Frauenpower

Mit Ramona Kühne, Dreifach-Weltmeisterin, und Ikram Kerwat, WBC Female International Champion 2016, kämpften Deutschlands beste Boxerinnen um den WBO Female International Title.

Die Max-Schmeling-Halle in Berlin war am 16. Juli 2016 mit über 5 000 Zuschauern voll besetzt. Es lag eine besondere Atmosphäre in der Luft, so kurz vor dem Kampf um den vakanten WBO Female International Title, dem ersten internationalen Titelkampf des Abends, zwischen Ikram Kerwat und Ramona Kühne. Mit Ramona Kühne, Dreifach-Weltmeisterin, und Ikram Kerwat, immerhin WBC Female International Champion 2016, standen sich wahrscheinlich Deutschlands beste Boxerinnen gegenüber, und die Deutsche Boxwelt fragte sich, wie wohl die Strategie der erfahreneren Kühne gegen die Kampfmaschine Kerwat aussehen würde, und ob Kerwat einen Kampf auf höchstem Niveau über mehrere Runden überhaupt durchstehen könne.

Schon in der ersten Runde war klar, dass sich beide hier nichts schenken. Kein taktisches Abklopfen, kein Beobachten und Herantasten. Beide Boxerinnen wollten der Gegnerin von der ers-ten Sekunde an demonstrieren, dass sie hier gewinnen wollen und werden. Kühne zeigte sich in körperlich sehr guter Verfassung und ebenso vorbereitet. Kerwats physische Dominanz war nur noch von ihrer deutlich zu spürenden Motivation übertroffen.

Die ersten drei Runden waren bestimmt vom Kampfgeist beider Athletinnen, und es kam zu einem kraftraubenden Schlagabtausch, bei dem keine der beiden eine Runde klar für sich entscheiden konnte.

In Runde vier konnte Kühne einen Treffer mit der linken Führhand landen, und Kerwat ging das erste Mal als Profiboxerin zu Boden. Das aber für nur drei Sekunden. Im Anschluss ging der hochklassige Fight weiter – mit einer kurzen Pause, da sich der Zopf von Kerwat gelockert hatte, den Trainer Georg Bramowski kurzerhand tapte.

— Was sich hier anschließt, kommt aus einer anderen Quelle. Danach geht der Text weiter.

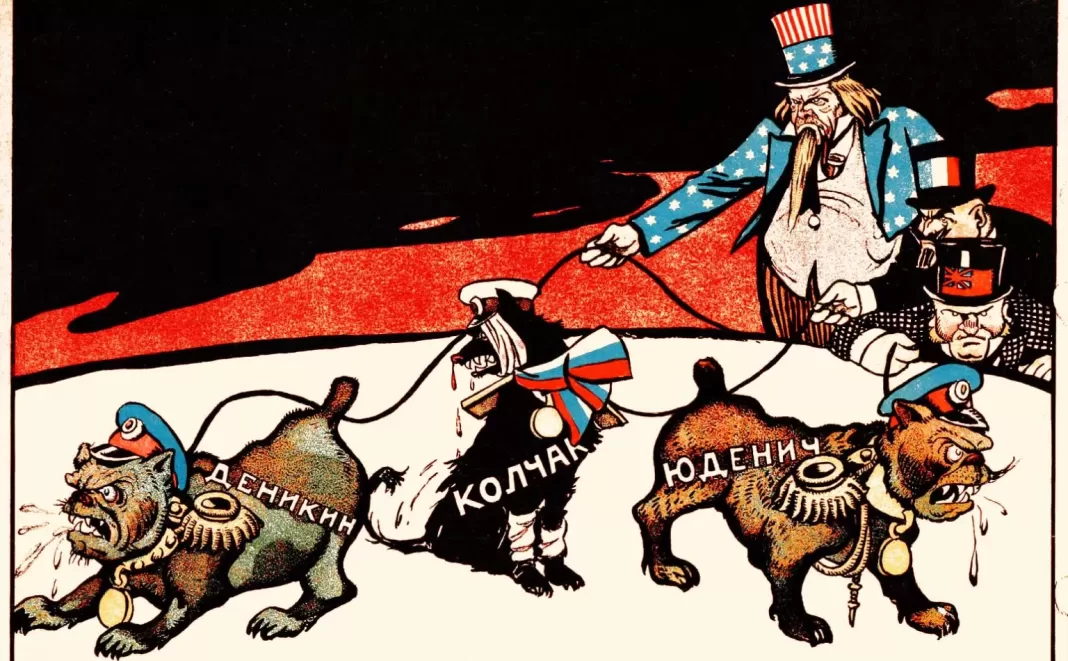 Ententens hundar (1919), Viktor Deni. "Uncle Sam", Frankrike och Storbritannien håller i kopplet på de vita generalerna Denikin, Koltjak och Judenitj.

Auch die fünfte Runde zeigte noch keine wirkliche Dominanz einer der beiden Kontrahentinnen, und das, obwohl – wie sich später herausstellte – Kerwat seit Runde drei mit einer ausgekugelten Schulter boxte. Doch wie ist es dazu gekommen? Während eines Schlagabtauschs aus kurzer Distanz kugelte Kühne Kerwats Schulter aus, indem sie ihren linken Arm umklammerte und mit einer ruckartigen Körperbewegung nach oben riss. Kerwat boxte Runde drei, vier und fünf dann unter extremen Schmerzen mit ausgekugelter Schulter und – wie sich später im Krankenhaus herausstellte – gerissener Gelenkkapsel – weiter, musste jedoch wegen der Schwere der Verletzung schließlich nach der fünften Runde den Kampf abbrechen.

Nach dem Kampf war Kerwat sichtlich enttäuscht und sagte im Interview, dass das letzte Wort zwischen beiden Athletinnen noch nicht gesprochen sei. Kühne hingegen zeigte sich im anschließenden Interview mehr als glücklich, dass sie gewonnen hatte.